A recent poll by Deloitte shows that IP cyber thefts are expected to rise in the next year, with fully 1 in 5 respondents saying they believe the crimes will likely be inside jobs. 58 percent of nearly 3,000 polled professionals, most of them in the accounting and financial sectors, believe that the number of insider cyber thefts and breaches will continue to rise in 2017. Those polled professionals in the telecom and power/utilities industries were the most numerous segment of the poll (68.8%) in believing that such cyberattacks will increase.
“While many of us know — or have experienced firsthand — how a cyberattack can severely disrupt business, loss of an asset as critical as IP can be crippling for most organizations,” says principal at Deloitte, Don Fancher.
IP Cyber Theft – The “Silent” Perpetrator
All too often, IP cyber theft incidents go unreported, because it has relatively little direct impact on the public, and because companies hit by IP cyber thieves would rather keep their losses undisclosed, says Deloitte. And because it consists of digital copies of data rather than hard printouts of IP, the extent of cyberattacks is often difficult to accurately assess.
“Managing risk often includes qualifying how loss of that IP would impact the business, preparing to identify and pursue adversaries, and building a defensible chain of data custody to counter future IP cyber-theft threats,” Fancher says.
Deloitte poll respondents put the automotive industry at the highest risk of insider cyber threat (32.2%), followed closely by the oil and gas industry (27.2%), and real estate service industries (26.2%).
“Predicting IP data theft is tough, as adversaries don’t fit one specific mold,” said Adnan Amjad, a partner at Deloitte.
Evaluating the Insider Threat
Insider cyber threats are responsible for 43% of data breaches, with a 50/50 split between intentional and accidental breach occurrences, as reported in Info Security Magazine. And, the bigger the organization, the bigger the chance that an internal actor (employees as well as associates within a given enterprise) will trigger a cyber breach. But, even a small business with five employees has two “internal actors” that will commit a cyber breach at some point – either intended or unintended.
Data Breach Impact on Businesses
One statistic given by Intel shows that 68% of data breach incidents were serious enough to require public disclosure regarding the exfiltration of exploited data, with a huge attendant chance of having a negative impact on the company.
“Most security studies and statistics focus on infiltration, or how attackers are getting past security defenses and into the network,” explains the Intel report. “That part of the attack is more visible, compromising machines and triggering events and alarms in the security operations center. Until now, there has been very little information available on the less visible act of data exfiltration: how attackers are removing data.

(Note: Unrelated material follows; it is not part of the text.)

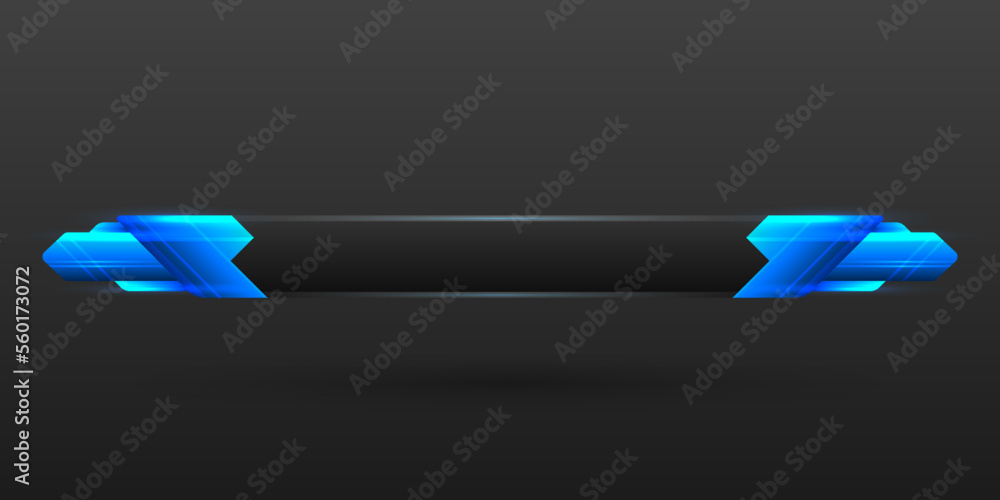 Poster game gui lower third title button with blue neon effect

Whether you see it or not, data exfiltration is a real risk for most organizations.”
This unequivocal data on insider cyber breaches has caused a huge upsurge in companies buying cybersecurity insurance policies during 2016.

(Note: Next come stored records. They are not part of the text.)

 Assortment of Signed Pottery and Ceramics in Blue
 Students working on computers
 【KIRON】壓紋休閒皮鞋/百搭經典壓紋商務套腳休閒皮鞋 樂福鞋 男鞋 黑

Insider Data Breach Quick Facts
- 25% of data exfiltrations used file transfer or tunneling protocols, such as FTP or SCP.
- 32% of data exfiltrations were encrypted.
- 25% of stolen data were Microsoft Office documents.
- 64% of security professionals felt data loss prevention (DLP) technology could have prevented their data exfiltration events.
- 40% of exfiltrations were theft of physical media.